New information about the quality of care available in outpatient and emergency departments, including how well hospitals treat patients with heart attacks and protect outpatients from surgical infections, was added to the new HHS website, HealthCare.gov.

The Hospital Compare site now includes new 30-day mortality figures and three-year hospital readmission rates drawn from 2006-09 data.

“The more information consumers and patients have, the better the options and choices are for them when it comes to their health care,” said HHS Secretary Kathleen Sebelius.

The updated data show that although 30-day rates for heart attack have decreased by 0.4% from the 2005-08 rates (falling from 16.6% to 16.2%), mortality rates for heart failure and pneumonia readmissions have remained steady at 11.2% and 11.6%, respectively. Readmissions rates for heart attack, heart failure, and pneumonia have remained high, at 24.7% for heart failure and 18.3% for pneumonia.

Readmission rates were highest for hospitals in the East and lowest for those in the West.
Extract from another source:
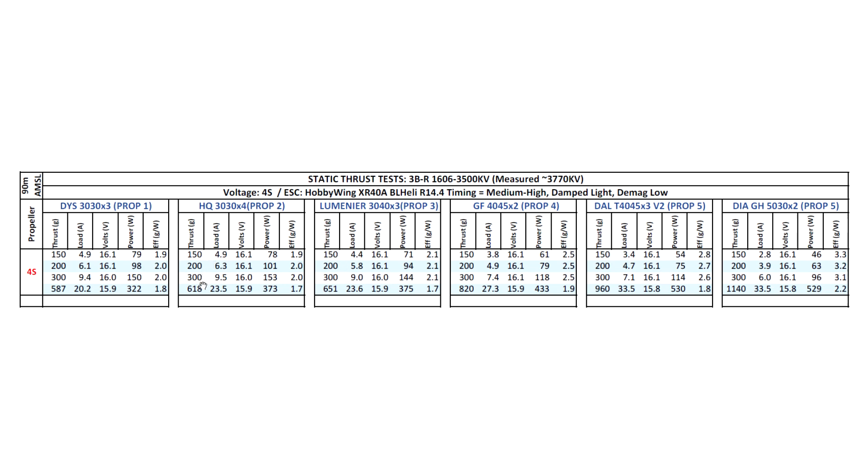The thrust is actually pretty good, and the amps don't seem to be alarmingly high, which is kind of weird. So there's got to be something wrong — either the type of wire they use or the winding pattern, something with the stator, that's where the problem has to be. From looking at the motor I just couldn't tell — nothing seems wrong with the magnets or the bell. On the Lumineer 3040x3, we're getting 651 grams, which is roughly about 50 grams more than the usual 1407 motors.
The Hospital Compare site now also includes data on 11 outpatient measures that target EDs and observation services, including measures related to treating patients with chest pain and to antibiotic administration on the day of surgery to prevent surgical infections.

Hospital Compare also includes new measures that show whether outpatients who are treated for suspected heart attacks receive therapies that are proven to reduce mortality—such as an aspirin—at arrival, and how well outpatient surgical patients are protected from infections.

“Adding outpatient quality measures to Hospital Compare will give consumers a more complete picture of the quality of care available at local hospitals,” said Barry M. Straube, M.D., CMS chief medical officer and director of the Agency’s Office of Clinical Standards & Quality. “In particular, the heart attack and surgical care outpatient measures can be viewed alongside of the inpatient data we already report for these conditions, thus providing a comprehensive look at what facilities in your area are doing to provide high-quality, high-value care.”

The new comparison tool includes 30-day mortality figures and three-year hospital readmission rates, taken from 2006-2009 data.